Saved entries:
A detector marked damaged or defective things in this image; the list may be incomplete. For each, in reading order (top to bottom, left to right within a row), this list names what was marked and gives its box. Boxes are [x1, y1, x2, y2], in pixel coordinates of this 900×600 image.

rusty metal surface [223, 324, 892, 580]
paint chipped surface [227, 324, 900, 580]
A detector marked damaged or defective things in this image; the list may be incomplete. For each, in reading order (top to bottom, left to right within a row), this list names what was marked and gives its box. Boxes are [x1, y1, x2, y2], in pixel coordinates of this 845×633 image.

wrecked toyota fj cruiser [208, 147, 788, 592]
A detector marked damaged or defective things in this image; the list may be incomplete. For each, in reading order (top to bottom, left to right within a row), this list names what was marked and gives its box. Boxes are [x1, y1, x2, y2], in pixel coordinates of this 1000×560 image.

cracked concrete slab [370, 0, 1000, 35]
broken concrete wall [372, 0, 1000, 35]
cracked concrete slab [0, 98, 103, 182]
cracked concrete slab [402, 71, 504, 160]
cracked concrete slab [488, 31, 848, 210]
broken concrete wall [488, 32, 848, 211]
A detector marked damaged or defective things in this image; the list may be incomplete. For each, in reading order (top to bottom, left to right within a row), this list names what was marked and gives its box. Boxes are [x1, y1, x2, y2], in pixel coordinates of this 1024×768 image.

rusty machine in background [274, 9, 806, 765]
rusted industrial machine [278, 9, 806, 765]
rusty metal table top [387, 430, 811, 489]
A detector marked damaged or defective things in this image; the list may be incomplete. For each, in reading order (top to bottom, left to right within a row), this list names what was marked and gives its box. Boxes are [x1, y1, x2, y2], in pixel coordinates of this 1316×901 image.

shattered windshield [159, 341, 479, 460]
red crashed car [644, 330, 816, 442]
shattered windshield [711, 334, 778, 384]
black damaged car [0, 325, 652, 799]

Exercise requirements
Beginning at the line that holds "this 1000×560 image.", copy every line through the end of the entries exactly as given, and only those lines.

Written response
A detector marked damaged or defective things in this image; the list may be incomplete. For each, in reading order (top to bottom, left to right within a row), this list names what was marked and gives its box. Boxes are [x1, y1, x2, y2], in pixel coordinates of this 1000×560 image.

cracked concrete slab [370, 0, 1000, 35]
broken concrete wall [372, 0, 1000, 35]
cracked concrete slab [0, 98, 103, 182]
cracked concrete slab [402, 71, 504, 160]
cracked concrete slab [488, 31, 848, 210]
broken concrete wall [488, 32, 848, 211]
A detector marked damaged or defective things in this image; the list may be incomplete. For each, in reading order (top to bottom, left to right within a row), this list names what was marked and gives its box. Boxes are [x1, y1, x2, y2], in pixel coordinates of this 1024×768 image.

rusty machine in background [274, 9, 806, 765]
rusted industrial machine [278, 9, 806, 765]
rusty metal table top [387, 430, 811, 489]
A detector marked damaged or defective things in this image; the list may be incomplete. For each, in reading order (top to bottom, left to right within a row), this list names what was marked and gives its box. Boxes are [x1, y1, x2, y2], in pixel coordinates of this 1316×901 image.

shattered windshield [159, 341, 479, 460]
red crashed car [644, 330, 816, 442]
shattered windshield [711, 334, 778, 384]
black damaged car [0, 325, 652, 799]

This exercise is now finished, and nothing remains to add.